Jochem Ysebrants, ook wel Jochem Bakker. De huidige Haveltersluis had in de jaren 1770 twee namen: de Pastoorssluis en de Bakkerssluis. Die eerste naam dankte ze aan de vergraven Pastoriegrond of Papenweide op deze locatie. De tweede naam kwam in de wereld dankzij verlaatsmeester Jochem Ysebrants, naar zijn andere beroep ook wel Jochem Bakker geheten. Hij kwam van De Blesse en was ook wat betreft zijn bakkerij een eerste in een lange reeks: op de locatie van het verlaatshuis heeft ruim 200 jaar (tevens) een bakkerij gezeten, wijlen mijn klasgenoot Geert Bergman was de laatste uit de lange reeks uitbaters.
In 1777 declareerde Jochem Isebrants drie dagen werk voor een totaalbedrag van een rijksdaalder, wat neerkomt op bijna 17 stuivers per dag. Dat was iets meer dan zijn collegae van de twee lager gelegen sluizen.

Lucas Schenkel was de eerste verlaatsmeester van de nog steeds bestaande Uffeltersluis. Hij kwam van Hoogezand, waar hij 1737 geboren werd en in 1767 trouwde. Vermoedelijk kwam ook hij in het kielzorg van landmeter en kanaalontwerper Lambertus Grevelink. Schenkels vrouw kwam uit Nieuwolda, waar Grevelink ook weer connecties had.
Overigens had je in mijn tijd (jaren 60 en begin jaren 70) twee café’s Schenkel in Uffelte. Het ene, aan de Rijksweg (westkant vaart), had een groot bord bij de weg staan: “Het vanouds bekende café Schenkel!” Meen dat dit wel enigszins bezijden de waarheid was.

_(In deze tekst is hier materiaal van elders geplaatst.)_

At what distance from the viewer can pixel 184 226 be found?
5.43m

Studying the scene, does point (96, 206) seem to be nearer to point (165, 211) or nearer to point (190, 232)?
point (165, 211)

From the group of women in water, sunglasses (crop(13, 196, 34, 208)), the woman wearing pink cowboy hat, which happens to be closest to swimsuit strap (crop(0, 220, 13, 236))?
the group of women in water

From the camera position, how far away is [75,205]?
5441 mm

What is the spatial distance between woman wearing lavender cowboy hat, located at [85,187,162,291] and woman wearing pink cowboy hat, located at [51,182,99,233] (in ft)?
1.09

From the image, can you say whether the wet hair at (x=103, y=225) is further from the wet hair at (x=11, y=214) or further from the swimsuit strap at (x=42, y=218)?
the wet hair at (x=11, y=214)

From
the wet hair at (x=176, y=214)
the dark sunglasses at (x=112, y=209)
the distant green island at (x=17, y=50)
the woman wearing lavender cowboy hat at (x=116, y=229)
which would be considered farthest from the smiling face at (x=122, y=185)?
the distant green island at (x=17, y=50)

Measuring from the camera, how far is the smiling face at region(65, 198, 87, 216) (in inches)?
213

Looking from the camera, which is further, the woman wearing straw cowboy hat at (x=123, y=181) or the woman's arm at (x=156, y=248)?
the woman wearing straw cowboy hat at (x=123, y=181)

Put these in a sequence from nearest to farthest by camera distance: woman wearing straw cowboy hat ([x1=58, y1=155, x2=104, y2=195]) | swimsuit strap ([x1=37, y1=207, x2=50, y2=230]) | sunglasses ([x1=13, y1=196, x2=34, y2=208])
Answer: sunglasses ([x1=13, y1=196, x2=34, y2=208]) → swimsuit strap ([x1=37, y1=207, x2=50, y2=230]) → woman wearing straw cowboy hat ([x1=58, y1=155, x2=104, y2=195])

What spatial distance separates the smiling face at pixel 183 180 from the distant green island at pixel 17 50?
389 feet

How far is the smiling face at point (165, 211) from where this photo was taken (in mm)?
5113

Het allereerste café Schenkel zal namelijk gehuisvest zijn geweest in de verlaatsmeesterswoning die weliswaar eveneens aan de westkant van het kanaal stond, maar veel dichterbij de tweede Uffelterbrug. Het zogenaamd vanouds bekende café is nu ter ziele, al hangt er nog wel een bierspiegel op een aanbouw. Het nog steeds bestaande brugcafé was voor de coronatijd al gesloten, volgens welingelichte kringen definitief.
Lukas Schenkel werkte in 1774 achttien dagen los voor de Landschap, en declareerde daarvoor 9 gulden, maakt 10 stuivers per dag, veel minder dan zijn drie collegae stroomafwaarts naar Meppel.

Leuk om te lezen.
Prachtig dat dit allemaal zo gedetailleerd is genoteerd én bewaard is gebleven, waardoor ruim 200 jaar nadien nog tot op de m2 te reconstrueren is wie precies wanneer aan welk stukje van deze kilometerslange vaart heeft gewerkt en wat ie daarvoor kreeg. En dat met schop en kruiwagen! Dat gebeurde weliswaar nog tot in de jaren dertig van de 20e eeuw, maar dan als werkverschaffingsprojecten om de mannen iets terug te laten doen voor hun uitkering.